A Single Family Tree


March 24, 2019 | Luke 3:6-9; Ephesians 3:14-19, 4:1-6

It is that time of year again when people begin preparations to plant their gardens.  Sitting inside on window sills are tiny pots in which seeds are sprouting green, soon to be transferred to outside gardens where peppers, tomatoes, cucumbers, and zucchini will grow and bear their fruits in the warming soil and sun.

In the parable that Jesus tells there is a garden where stands a fig tree that is in trouble.  For three years it has not produced a single fig.  The owner of the garden declares it is a waste of good soil and orders the gardener to cut it down.  But the gardener has another plan.  A plan to give this fig tree another chance, more time.  A plan to invest greater care and attention, dig down to the roots and heap on the manure so that it will become fruitful.  If the plan fails, the gardener agrees, the tree can be cut down.   The fig tree in Jesus’ parable is a metaphor for human beings.  Our lives are intended to bear fruit.  Some may sit in judgment of us, or we in judgment of ourselves, or in judgment of others who don’t do their part, who don’t contribute, who lives seem barren, a burden, a waste of good resources.  And Jesus is the ever patient gardener in this parable.  The one who believes in our potential to flourish. The one who doesn’t give up on anyone, but invests his love and his life—his blood, sweat, and tears to enable us to be and do what we are made to be and do.

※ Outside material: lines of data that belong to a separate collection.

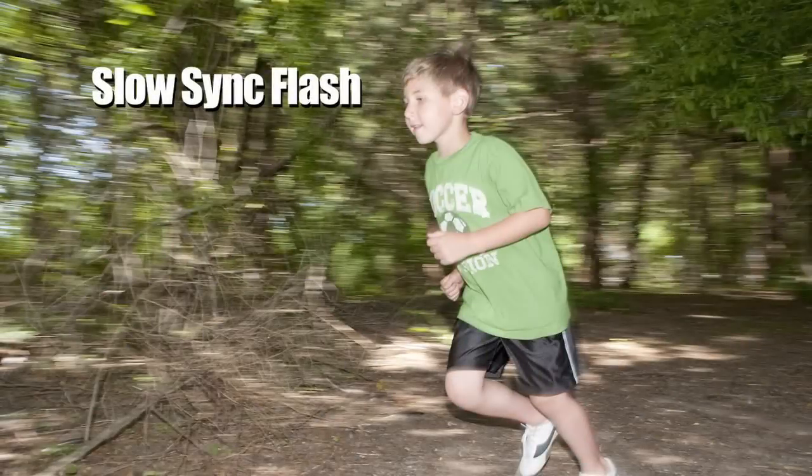In slow sync, the camera's meter keeps the shutter open to get the proper exposure from ambient light, then adds flash. That means in low light, images can look like this. The motion blur is from the long shutter speed for the ambient light, and the frozen action is from the flash.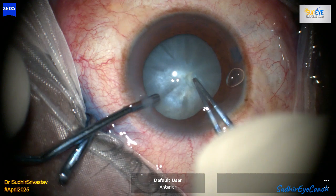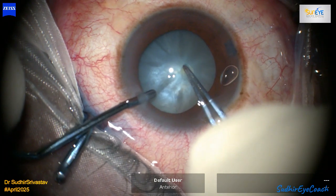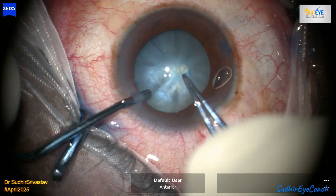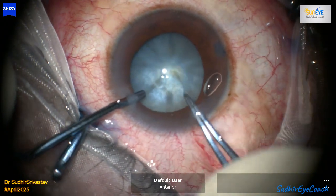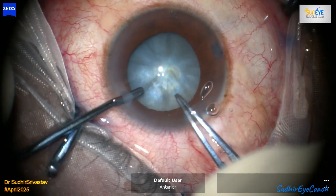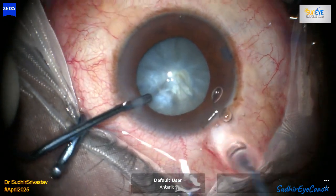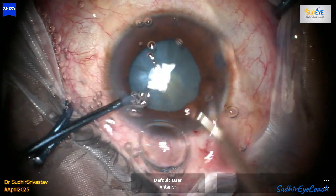In this particular case, I started with the same approach, but the initial capsulorhexis ended up being only around 5 mm because the pressure was very high and there was a risk that the rhexis may go out towards the periphery. During the manipulations, the Argentinian flag sign and other complications might happen, so I decided to proceed carefully.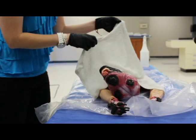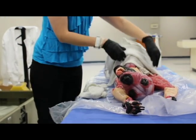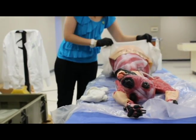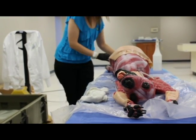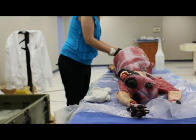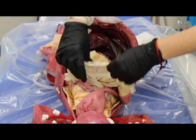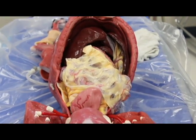So the face is the scariest part of it. Her abdominal skin comes off here, so you can see all of the fun organs inside. She is anatomically perfect — everything as you would see or expect to see in a real-life specimen.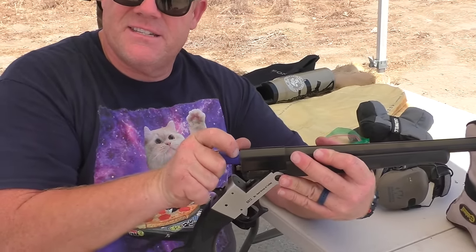The chamber's open. Fire, fire! All right, let's take care. I'm okay.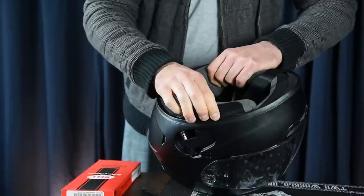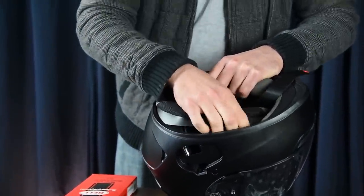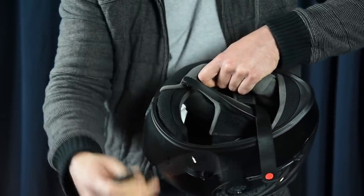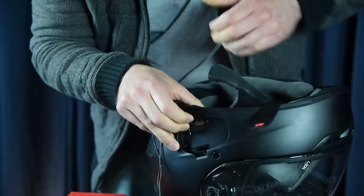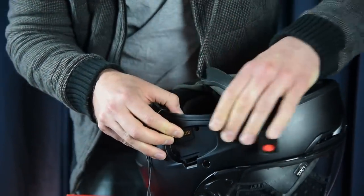First, pull out your cheek pad — it snaps out in there, just like that. You don't have to take it all the way out, just enough to be able to slide this into place. Slide it down in there — there we go, snapped into place.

In the letter to the Ephesians the writer is using the same kind of metaphor to describe our lives.  We are like plants and trees.  We are being rooted and grounded in the love of God that we see fully revealed in Jesus.  We have been planted and are growing in this rich, rich soil—the life and love of God.  We didn’t plant ourselves.  We don’t supply the nutrients that give us life and cause us to bear the fruits of love—humility, gentleness, patience, and unity.   It is all gift.  It is all grace.   The power of God’s Spirit is at work in us so that we may comprehend the immensity of God’s immeasurable love and be filled with the fullness of God.  It is a huge, paradoxical claim.  That in, with, and through the Spirit we are able to comprehend a divine love that is incomprehensible and from this awareness, growing in this awareness of the love that surrounds us, we will be filled with the fullness of God.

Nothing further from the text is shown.